Issue(s): Whether Federal Rule of Appellate Procedure 4(a)(5)(C) can deprive a court of appeals of jurisdiction over an appeal that is statutorily timely, as the U.S. Courts of Appeals for the 2nd, 4th, 7th and 10th Circuits have concluded, or whether Federal Rule of Appellate Procedure 4(a)(5)(C) is instead a nonjurisdictional claim-processing rule because it is not derived from a statute, as the U.S. Courts of Appeals for the 9th and District of Columbia Circuits have concluded, and therefore subject to equitable considerations such as forfeiture, waiver and the unique-circumstances doctrine.
Ernst & Young LLP v. Morris, No. 16-300

Issue(s): Whether the collective-bargaining provisions of the National Labor Relations Act prohibit the enforcement under the Federal Arbitration Act of an agreement requiring an employee to arbitrate claims against an employer on an individual, rather than collective, basis.
Class v. U.S., No. 16-424

Issue(s): Whether a guilty plea inherently waives a defendant's right to challenge the constitutionality of his statute of conviction.
District of Columbia v. Wesby, No. 15-1485

Issue(s): (1) Whether police officers who found late-night partiers inside a vacant home belonging to someone else had probable cause to arrest the partiers for trespassing under the Fourth Amendment, and in particular whether, when the owner of a vacant home informs police that he has not authorized entry, an officer assessing probable cause to arrest those inside for trespassing may discredit the suspects' questionable claims of an innocent mental state; and (2) whether, even if there was no probable cause to arrest the apparent trespassers, the officers were entitled to qualified immunity because the law was not clearly established in this regard.
Epic Systems Corp. v.

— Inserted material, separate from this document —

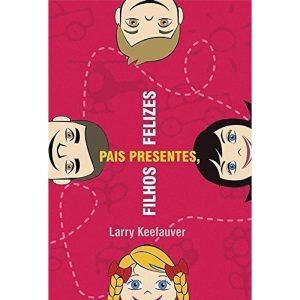 PAIS PRESENTES, FILHOS FELIZES - PROMESSA - ATOS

Lewis, No. 16-285

Issue(s): Whether an agreement that requires an employer and an employee to resolve employment-related disputes through individual arbitration, and waive class and collective proceedings, is enforceable under the Federal Arbitration Act, notwithstanding the provisions of the National Labor Relations Act.
Artis v. District of Columbia, No. 16-460

Issue(s): Whether the tolling provision in 28 U.S.C. § 1367(d) suspends the limitations period for the state-law claim while the claim is pending and for 30 days after the claim is dismissed, or whether the tolling provision does not suspend the limitations period but merely provides 30 days beyond the dismissal for the plaintiff to refile.